## Task brief
The lines from the one holding "Rene Derhy Damen" through the end of the records below are to be written out exactly, and nothing else; pictures are to be left out.

-------------------------

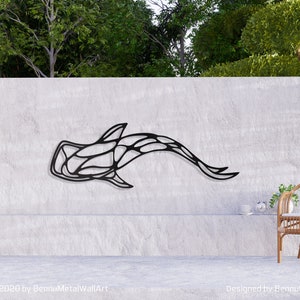 sea life sculpture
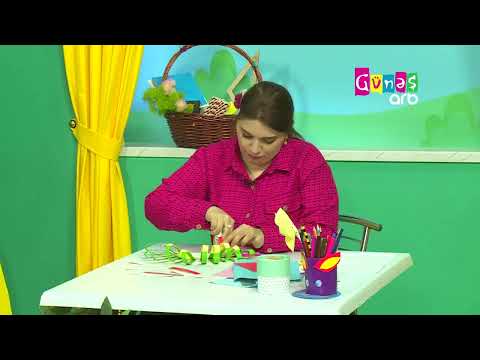 "Yaşıl ev" - 15 aprel 2025-ci il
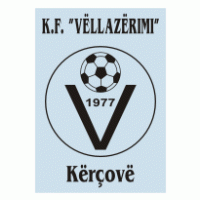 KF Vellazerimi Kercove logo vector logo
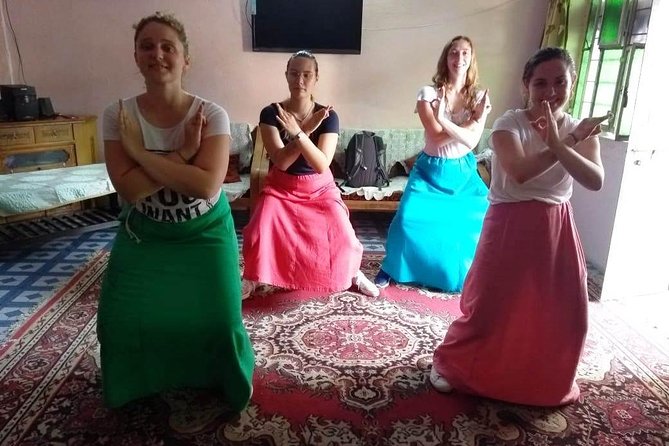 Bollywood Dance Class in Jaipur – Includes Hotel Transfers - What the one-hour lesson is like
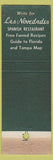Matchbook Cover - Las Novedades Spanish Restaurant Tampa FL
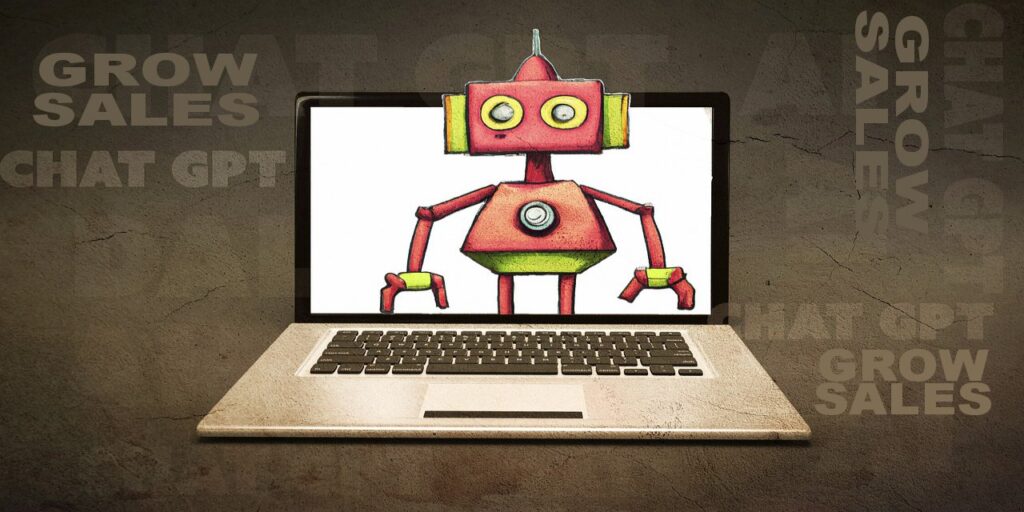 Using ChatGPR to Grow Sales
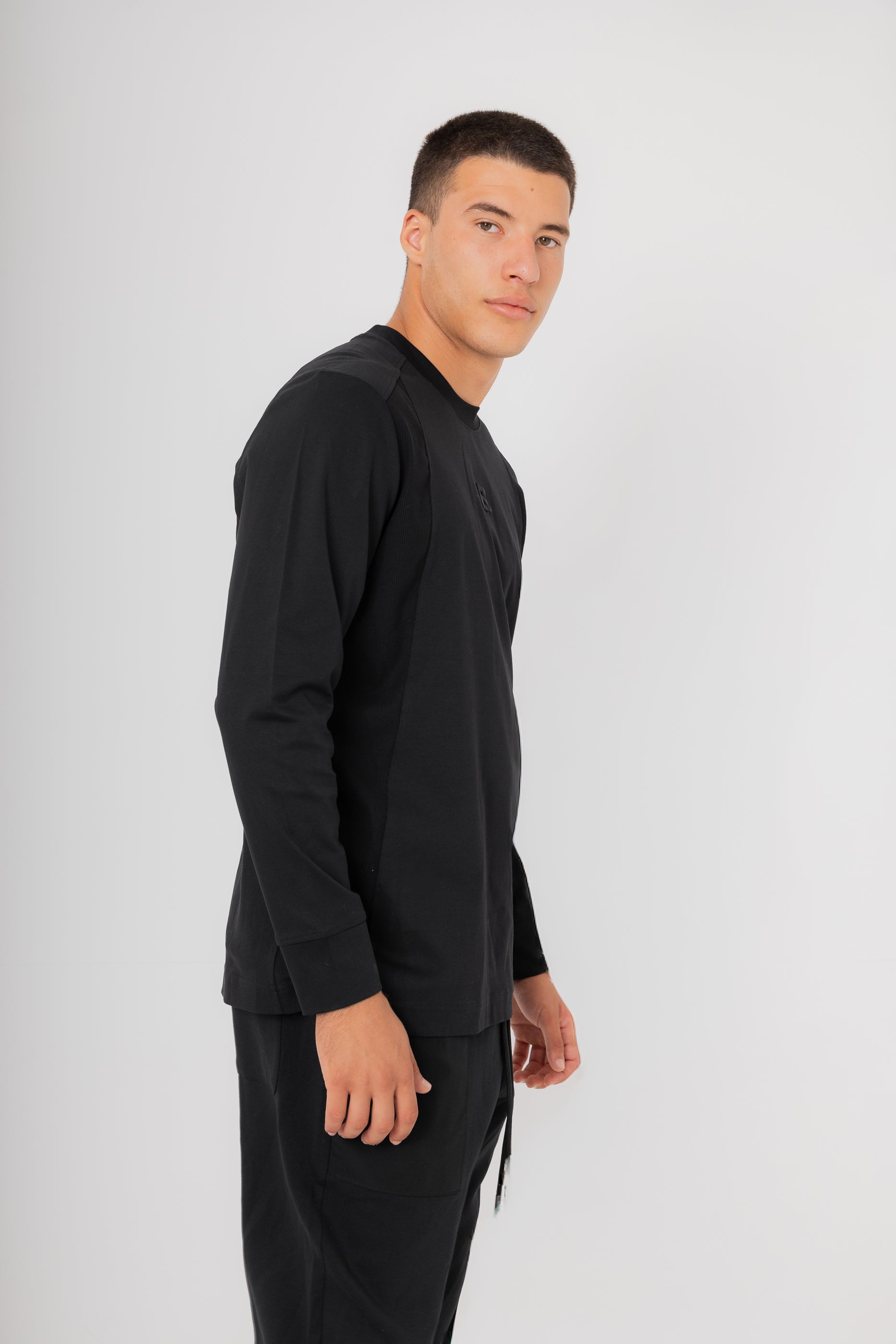 T-SHIRT BD Tonal Emblem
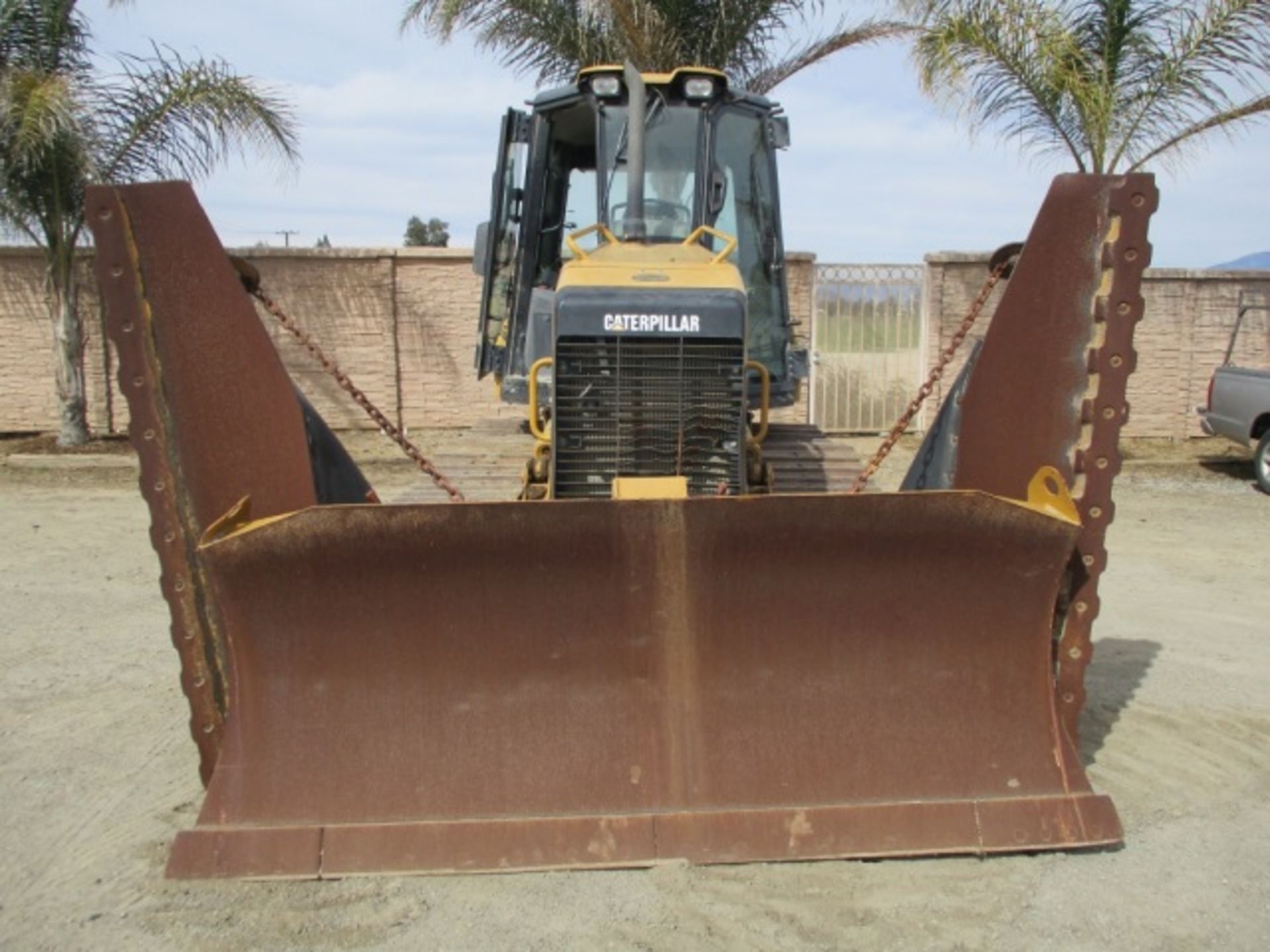 2011 Caterpillar D5K XL Crawler Dozer, Cat 4-Cyl Acert Diesel, 6-Way U-Blade, Dual Slope Boards, 2- - Image 28 of 84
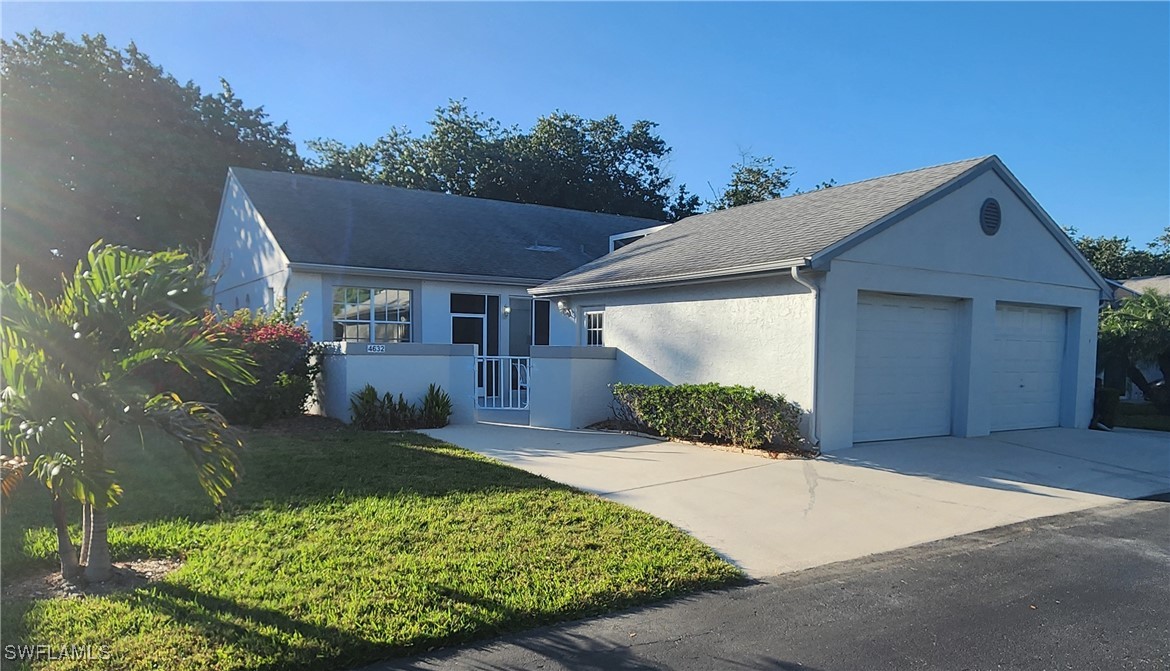 4632  Blackberry Drive
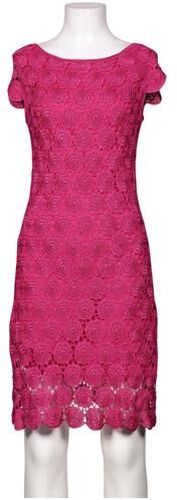 Rene Derhy Damen Kleid, pink, Gr. EU 34, Synthetik, Viskose - Second Hand - René Derhy - Modalova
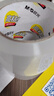 晨光(M&G)文具透明封箱膠帶打包膠帶60mm*100y*45um (91.4米/卷) 6卷/筒 快遞工廠(chǎng)倉(cāng)庫(kù)辦公用品AJD957K7 曬單實(shí)拍圖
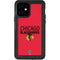 NHL Chicago Blackhawks Lineup iPhone 12 Waterproof Case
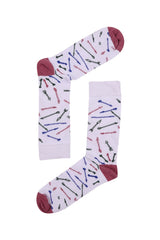 The Socks Company Achılles' Heels Çok renkli Çorap Renkli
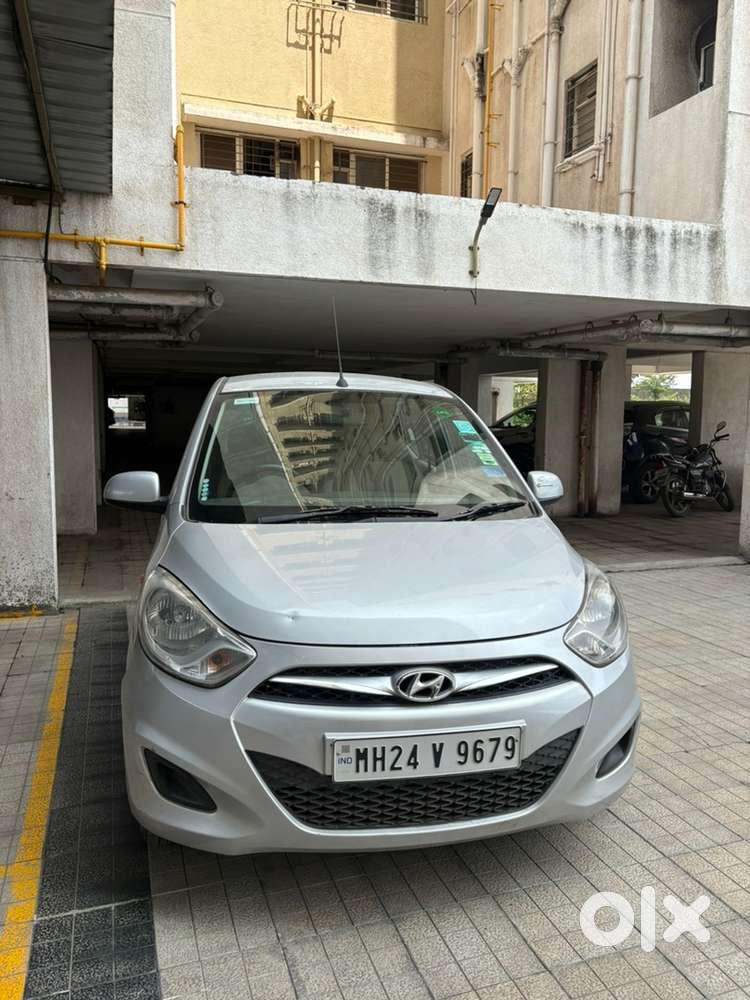 Hyundai I10 Petrol+lpg [company Fitted]2013 Car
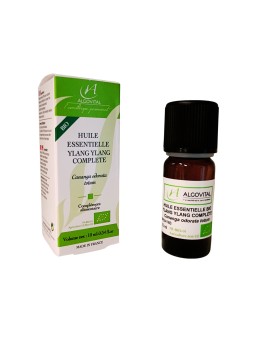 Huile essentielle Ylang ylang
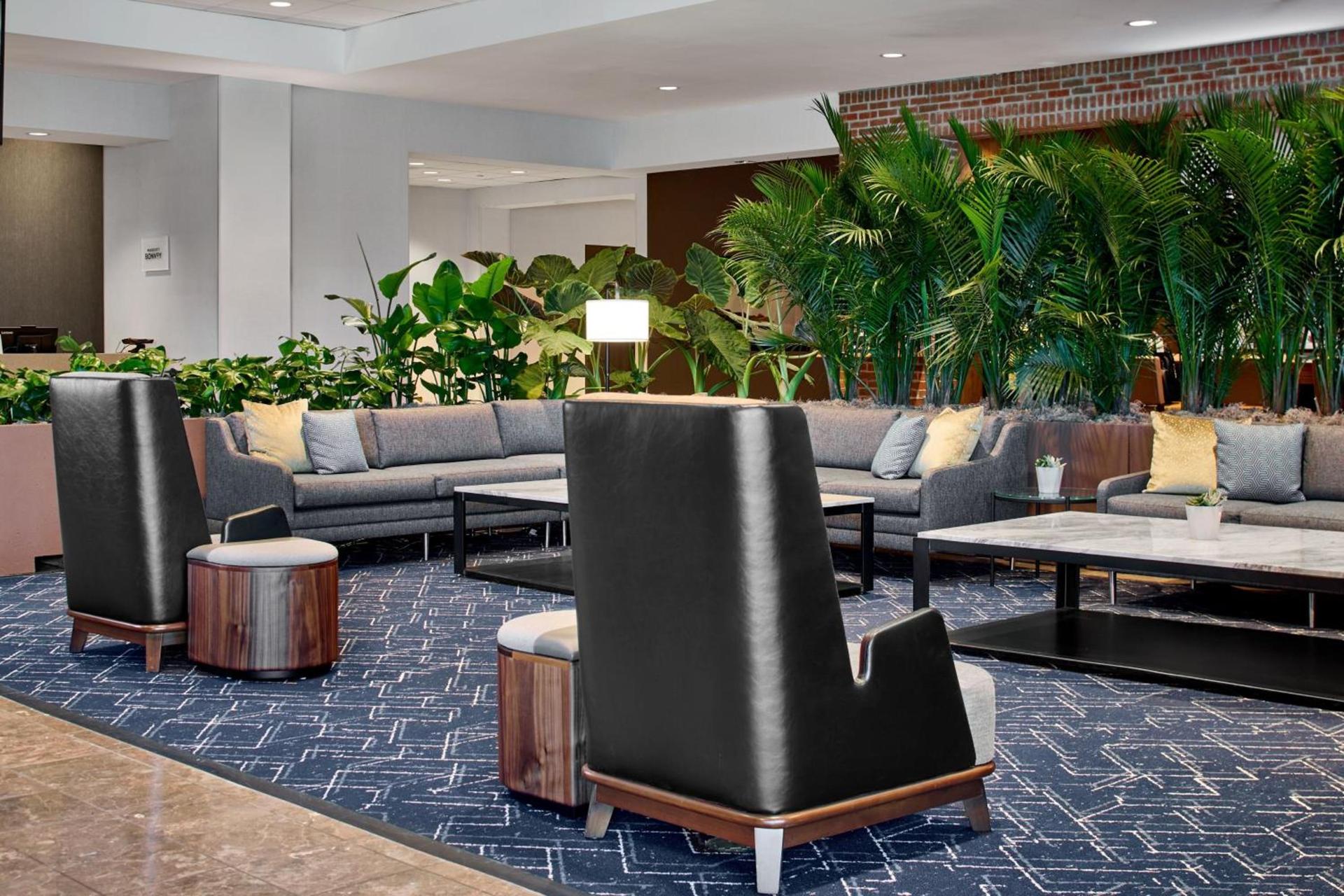 Courtyard by Marriott Detroit Downtown photo 7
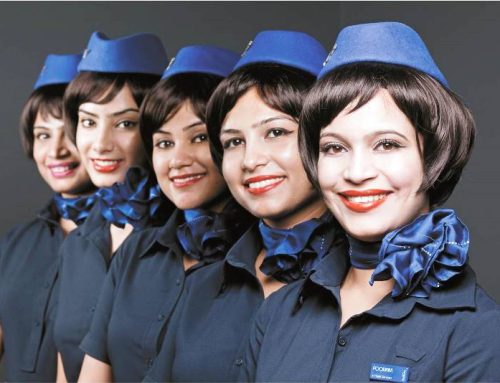 Being Polite Makes Airlines Earn More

-------------------------

## Solution to the exercise
 Rene Derhy Damen Kleid, pink, Gr. EU 34, Synthetik, Viskose - Second Hand - René Derhy - Modalova
 晨光(M&G)文具透明封箱膠帶打包膠帶60mm*100y*45um (91.4米/卷) 6卷/筒 快遞工廠(chǎng)倉(cāng)庫(kù)辦公用品AJD957K7 曬單實(shí)拍圖
 NHL Chicago Blackhawks Lineup iPhone 12 Waterproof Case
 The Socks Company Achılles' Heels Çok renkli Çorap Renkli
 Hyundai I10 Petrol+lpg [company Fitted]2013 Car
 Huile essentielle Ylang ylang
 Courtyard by Marriott Detroit Downtown photo 7
 Being Polite Makes Airlines Earn More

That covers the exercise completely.